She could develop into the next Irene van Dyk - but unfortunately Caitlin Bassett won't be wearing a black dress.
Bassett is set to become a recurring nightmare for the Silver Ferns - not just over the next two weeks but across the next few years.
She has already proved a pivotal figure in this Constellation Cup series. She shot at 100 per cent in the 55-51 loss in Invercargill, then hit 32/36 in Auckland as the Diamonds won 48-45 (no other shooter got more than 25).
But beyond the bare statistics, Bassett offers a presence that can be almost impossible to counter.
At 1.92m, she is the tallest player on the court in this series and allows Australia the option of a genuine holding shooter, for long the domain of van Dyk in international netball.
"She offers real height at the back of the circle," says Ferns captain Casey Kopua of Bassett. "It hasn't always been the typical Australian style and is obviously a good weapon for them.
She has developed a lot over the last few years and is now a lot stronger and much more accurate."
"The penny is starting to drop for Caitlin," says Diamonds coach Lisa Alexander. "She is now comfortable with her height and with who she is and comfortable as our No1 shooter. It's been a big step for her."
Now 25, Bassett was something of a late bloomer on the international stage. She made Australian age group teams but was rarely the No1 shooter, with former Pulse star Caitlin Thwaites ahead of her at under-21 level.
Bassett made her Diamonds debut in 2008 but didn't really come to prominence until the World Championships three years later.
Before that tournament she wasn't seen as much of a threat; Bassett was a typical beanpole, blessed with height but lacking strength and skills. She had been a model of inconsistency for the Fever in preceding years but everything turned in Singapore.
She shot an incredible 151 from 155 attempts across the week and her second-half injection in the final, with the Ferns leading by six goals, was the single biggest factor in accounting for the turnaround in that match.

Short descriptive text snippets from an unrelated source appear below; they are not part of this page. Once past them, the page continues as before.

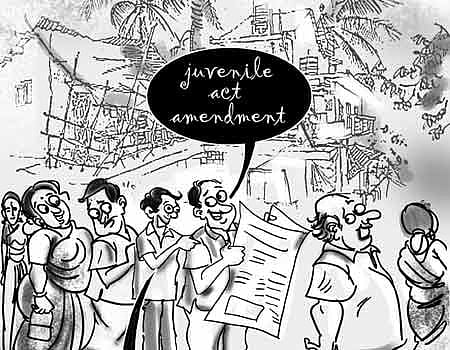 வாங்க... இங்கிலீஷ் பேசலாம்... 22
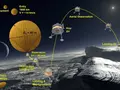 post_big/pluto-hopper-1.jpg
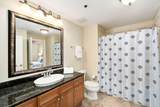 1150 Santa Rosa Boulevard - Photo 24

Her presence unsettled the Ferns, even before she came on. Leana de Bruin had been substituted, with Katrina Grant replacing her but when the Ferns' coaches saw the long legs of Bassett lope on to the court the GK bib was thrown back in the direction of de Bruin.
With seconds on the clock Bassett sank the goal that sent the game into extra time, then she came up with the winning shot in the extra period.
"She was pretty fresh and green when she first came onto the scene," says Kopua. "But that is the same for many players and she has come along well."
The Ferns have one of the best defensive units in the game and can deal with tall shooters - look at how they have handled Romelda Aiken over the years - but the presence of Bassett does change the dynamic between the two teams. It gives the Diamonds a "get out" aerial option which they haven't always had on attack, with their tradition of shorter, mobile shooters.
Bassett's productivity under the hoop - she is almost guaranteed to be a heavy scorer in every game - also adds pressure for the Ferns further up the court. Van Dyk and Maria Tutaia will need to match her goal for goal to maintain parity and then the New Zealanders will hope to strangle the service into Bassett.
"She is obviously a threat and has become increasingly valuable for them over the last couple of years," says Ferns coach Wai Taumaunu. "But we know what's coming, we have prepared ... and we will have to be ready."